## Problem requirements
Below are records; extract exactly the lines from the one containing "this 331×226 image." through the last, both included, and keep the pictures out.

## Extracted data
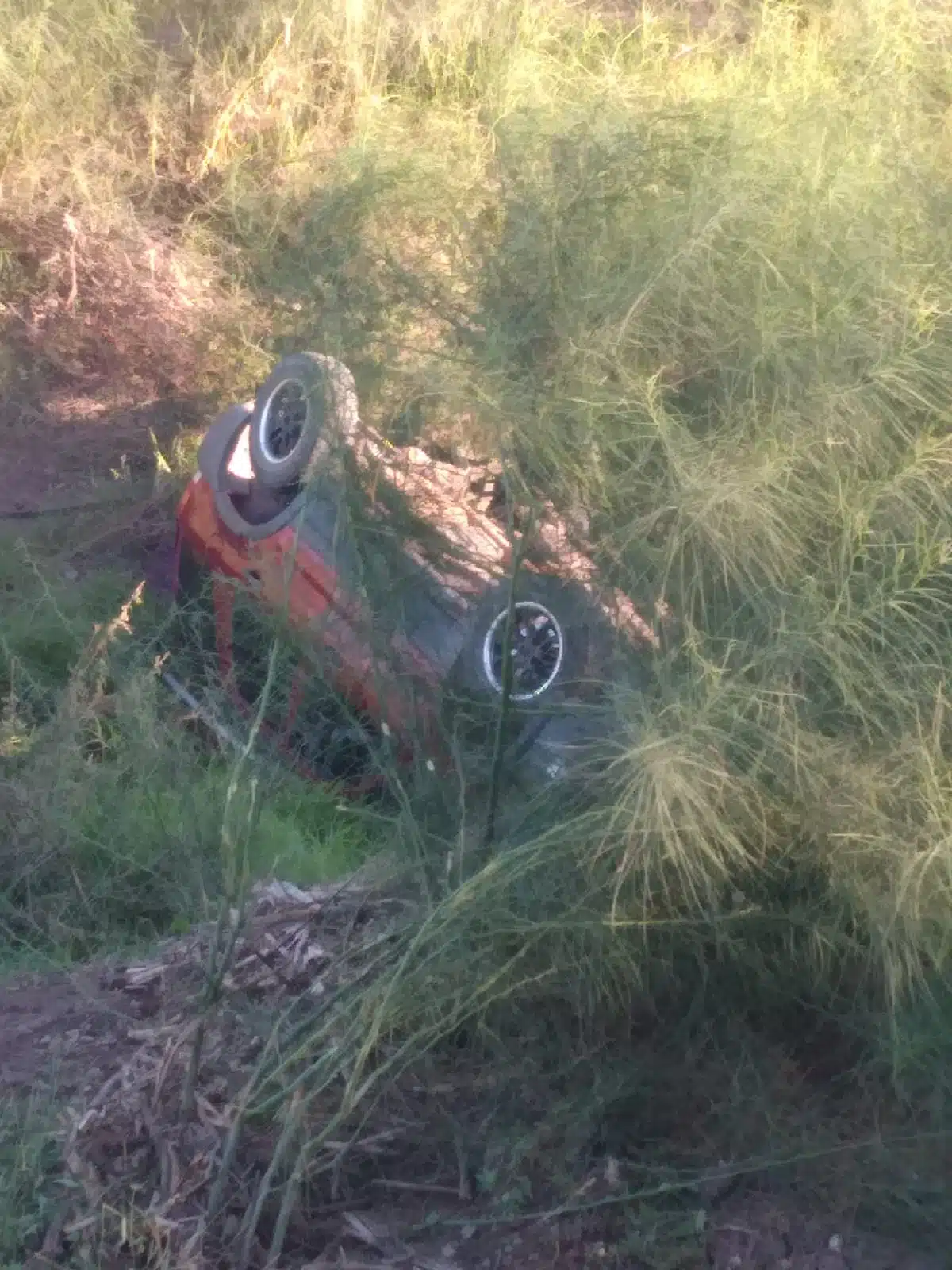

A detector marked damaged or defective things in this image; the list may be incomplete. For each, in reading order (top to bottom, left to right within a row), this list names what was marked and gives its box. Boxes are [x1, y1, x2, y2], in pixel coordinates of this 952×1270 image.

exposed tire [249, 352, 360, 492]
overturned orange vehicle [173, 352, 663, 794]
exposed tire [451, 572, 612, 708]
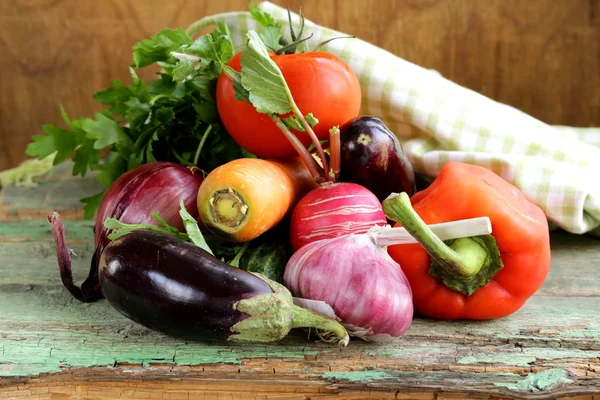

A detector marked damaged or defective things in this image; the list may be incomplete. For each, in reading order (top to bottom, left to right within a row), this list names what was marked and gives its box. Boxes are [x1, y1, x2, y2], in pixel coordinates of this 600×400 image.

peeling green paint [494, 368, 576, 390]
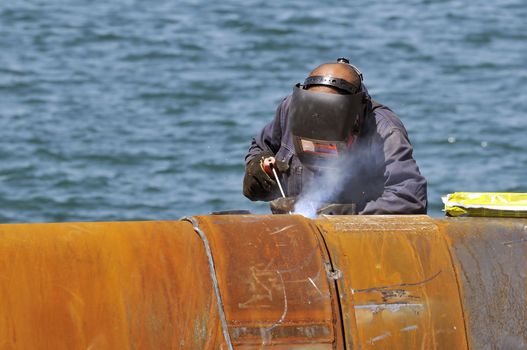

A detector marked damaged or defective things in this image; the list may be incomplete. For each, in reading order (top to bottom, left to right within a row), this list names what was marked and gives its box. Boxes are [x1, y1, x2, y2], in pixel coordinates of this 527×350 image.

rusty large pipe [0, 215, 524, 348]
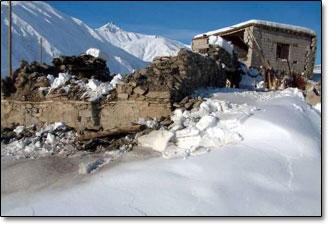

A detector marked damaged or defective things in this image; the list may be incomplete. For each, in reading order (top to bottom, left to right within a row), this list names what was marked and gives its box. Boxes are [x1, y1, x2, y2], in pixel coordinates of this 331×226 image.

damaged mud brick building [193, 19, 318, 77]
damaged mud brick building [1, 49, 228, 131]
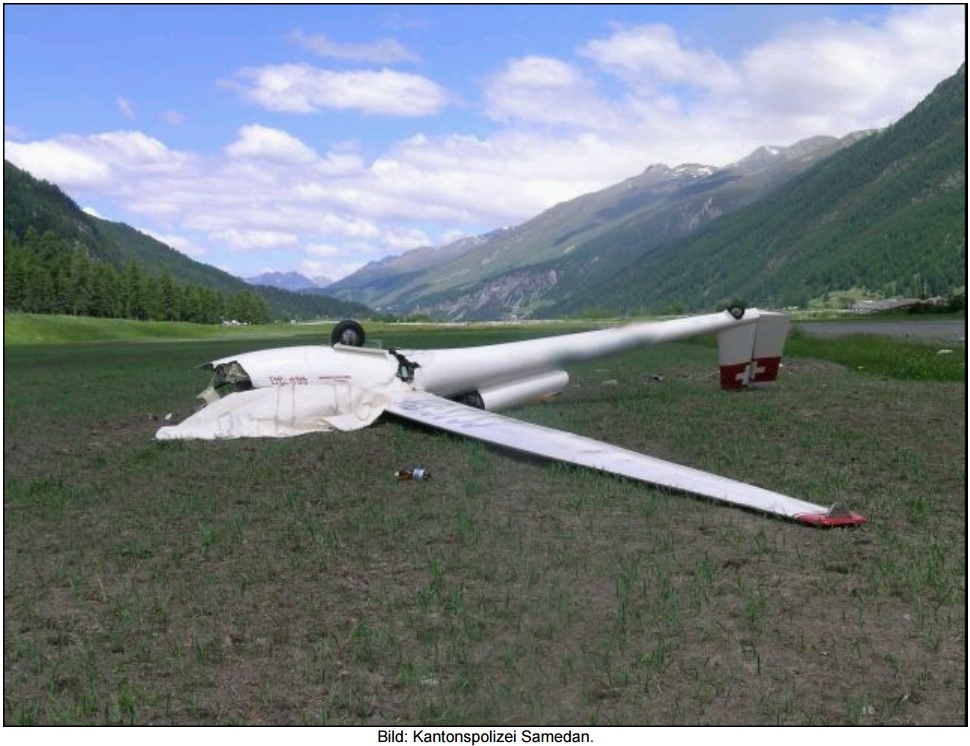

## Output of the exercise
A detector marked damaged or defective things in this image; the list may be incomplete. For each, in reading order (top to bottom, left to right within a row), this list names what was marked and gives its box. Boxes are [x1, y1, x2, y2], in pixel coordinates of this 331×226 image.

damaged mud brick building [193, 19, 318, 77]
damaged mud brick building [1, 49, 228, 131]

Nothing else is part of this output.